Here we highlight in red those tasks that took longer for the same worker than an earlier task. This tells us that there are scheduling issues, and not just with the slowest workers.
Since the machines in our cluster are not all the same, we ask if the scheduling issues are related to particular machines. Here we inspect the execution timelines of all the workers on a given machine. We see that just a few machines are having problems meeting the deadline. Is there something special about these machines?
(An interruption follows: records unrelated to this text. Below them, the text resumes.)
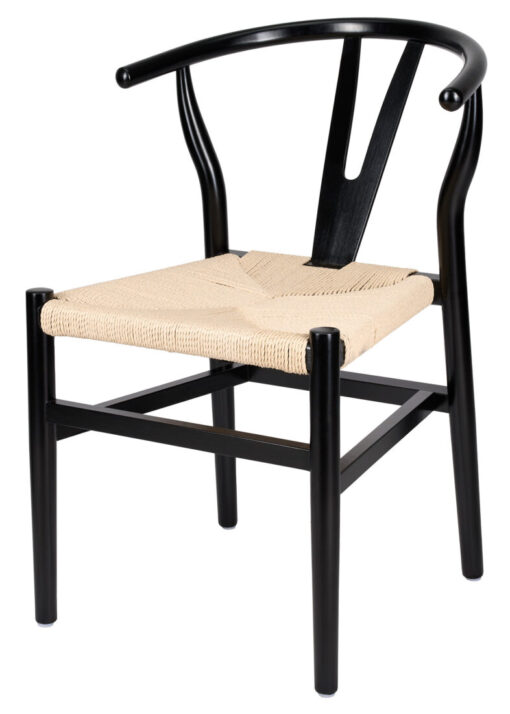 Black Wood Wishbone Chair with Natural Rope Seat CWHWBN-ZG-T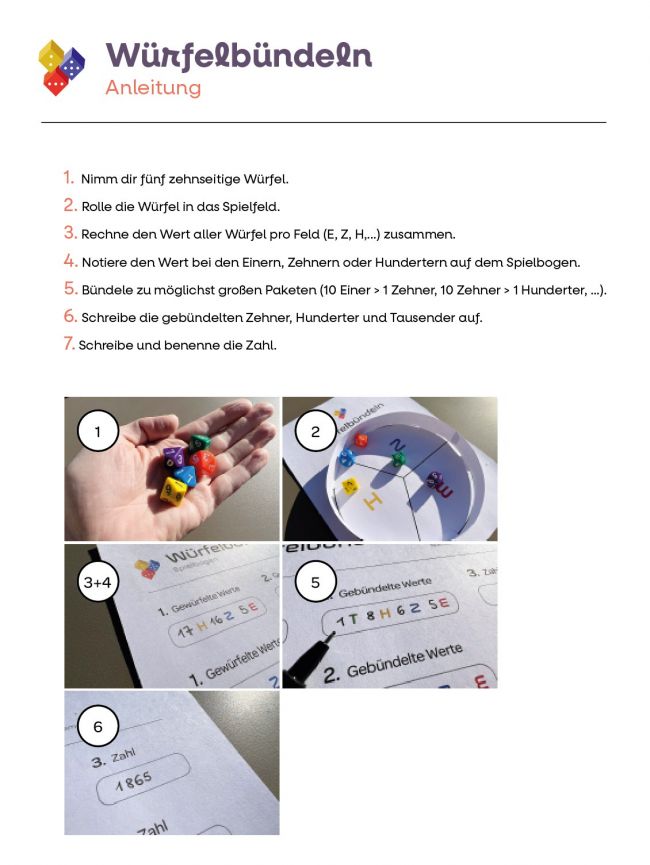 Anleitung zum Würfelbündeln. Verschiedene Fotos illustrieren den Ablauf.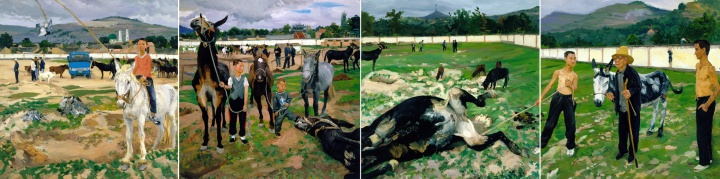 《易马图》 200x800cm 布面油画 2008
《易马图》 200x800cm 布面油画 2008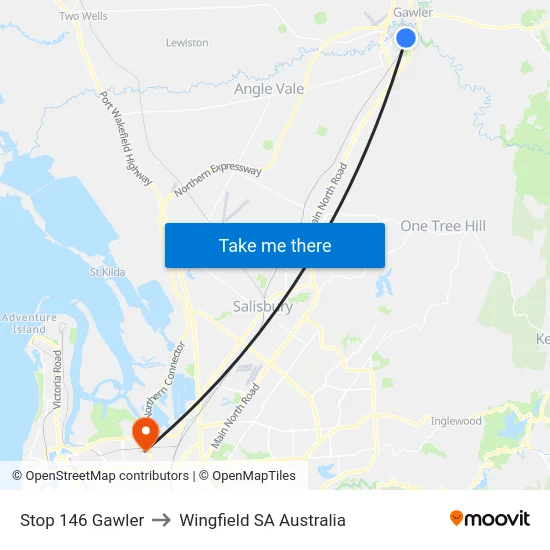 Stop 146 Gawler to Wingfield SA Australia map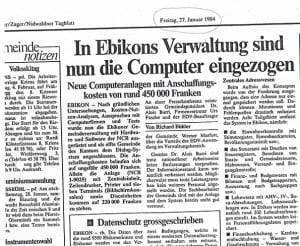 Der Zeitungsausschnitt vom Freitag, 27. Januar 1984, aus dem Luzerner Tagblatt beschreibt den Einzug der EDV auf der Ebikoner Verwaltung.
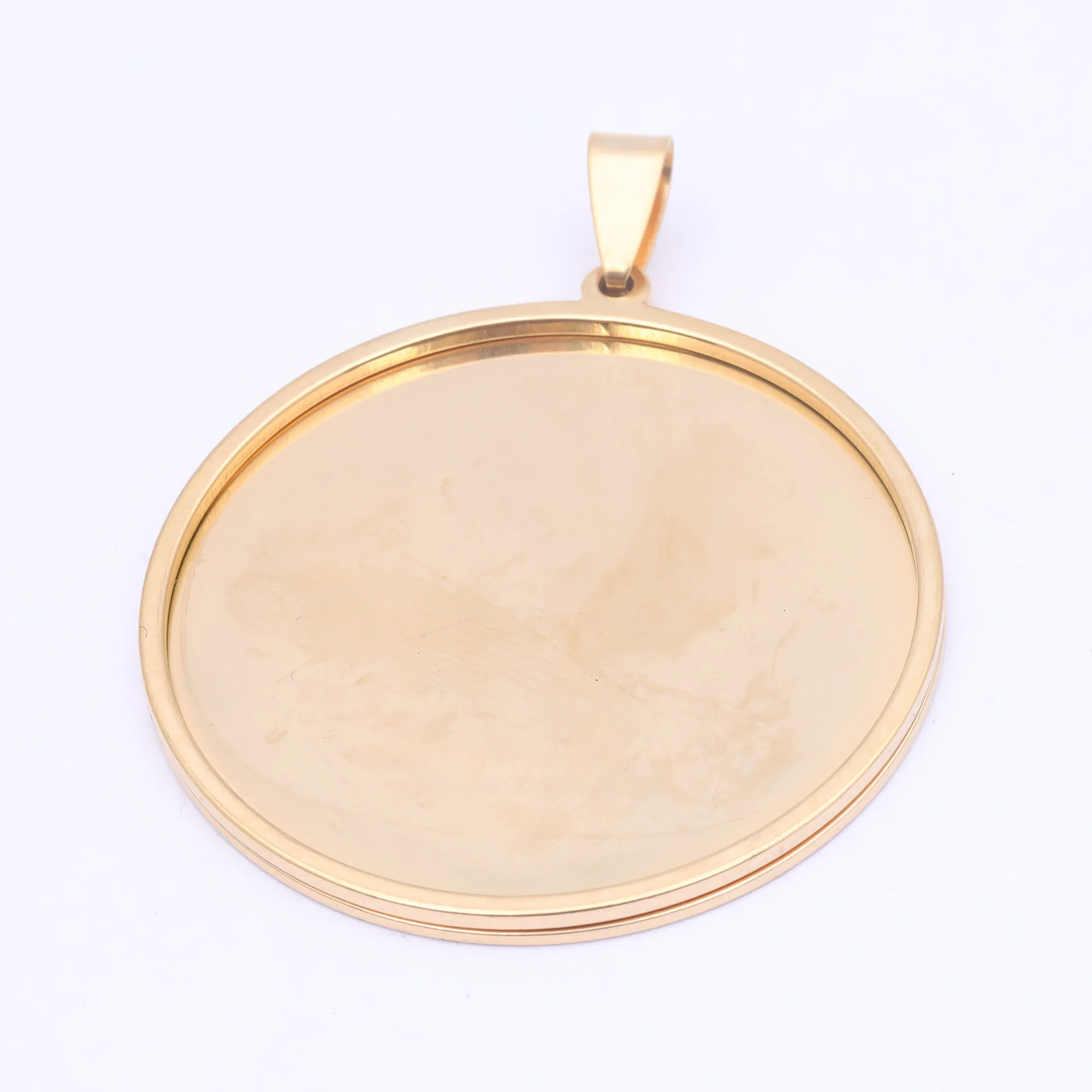 Reidgaller 스테인레스 스틸 빈 펜던트 카보숑 베이스 설정 DIY 쥬얼리 베젤 트레이, 목걸이 제작용, 직경 40mm, 5 개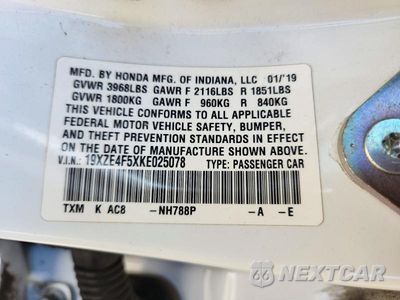 Zdjęcie 12 z 12 samochodu: 2019 HONDA INSIGHT EX VIN:19XZE4F5XKE025078 - miniatura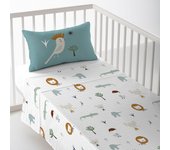 Juego de sábana cuna/maxicuna jungla niño b 100% algodón cuna 60 cm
We dive into a particular machine to see what’s going on. We can see clearly that only one worker (second from the bottom at the right) is having scheduling issues, so it’s clearly not an issue of the specific machine.
Are there issues with the memory usage? We inspect the total VM memory consumption and free memory per worker. We see nothing too unusual.
Finally we can dive into the individual tasks. Here we can verify that indeed the problem is just with the scheduling. By updating the historical data of the time taken to run each test, we can better schedule the test runs and reduce the delays.
We were able to perform this analysis because we could turn every question into a cheap and lightweight tool that would let us transform the execution data into an explorable model of the test runs.
Mapping moldable development
At the bottom here we see a transition from fixed and rigid IDE tools to moldable tools that can be easily and cheaply extended with new behavior. I have only shown you some custom inspector views, but the idea applies just as well for search tools, quality advices, and even customizable debuggers.
At the next level we see how moldable tools are leveraged by moving from manual inspection to custom queries that we plug into the tools. We saw this when we browsed the slides of a slideshow or the recent changes of a git repo. Now, instead of manually cobbling together a view, we can easily obtain a view using the molded tools.
We can have “inside-out conversations” that emerge from exploring the system itself, instead of classical “outside-in” conversations that treat the software as a black box with inputs and outputs. This then allows us to spot risks and opportunities that are observable only inside a system, and to support quick decision making not only for developers, but also business stakeholders.
What lessons can we draw from all this?
Programming is Modeling
First, I would say, that “programming is modeling”.
This is not a new observation, but it can be interpreted in several different ways. I found the live programming approach of APL far more exhilarating than the plodding punchcard model of programming supported by FORTRAN, but both languages suffered from a very limited view of what a program is. It was just as hard to build a clean conceptual model in APL as it was in FORTRAN.
Object-oriented programming changed that by allowing not only the design but the domain model to be reflected in the code.
I am reminded of Bertrand Meyer’s observation that he could never understand the fascination with modeling notations and CASE tools when everything is there in the code. Then one day it hit him: “Bubbles and arrows don’t crash!”
In contrast to model-driven approaches, instead of generating code from models, perhaps we are better off generating views from the code.
Programming is Understanding
We can go further, however. Kristen Nygaard, one of the inventors of Simula, the first OO language, was apparently fond of saying “To program is to understand.” I would interpret that today as meaning that software is more than just source code. It can and should be seen as a living system can expresses knowledge about itself.
I would like to propose a new mantra, namely: “The software wants to talk to you.”
This means that instead of letting the IDE lock up software inside the prison of a text editor, it should enable the exploration, querying and analysis of live systems. Then, instead of having to head to Google, Stack Overflow or ChatGPT to answer questions about our software, we should be able to answer the questions we have with the help of the systems themselves.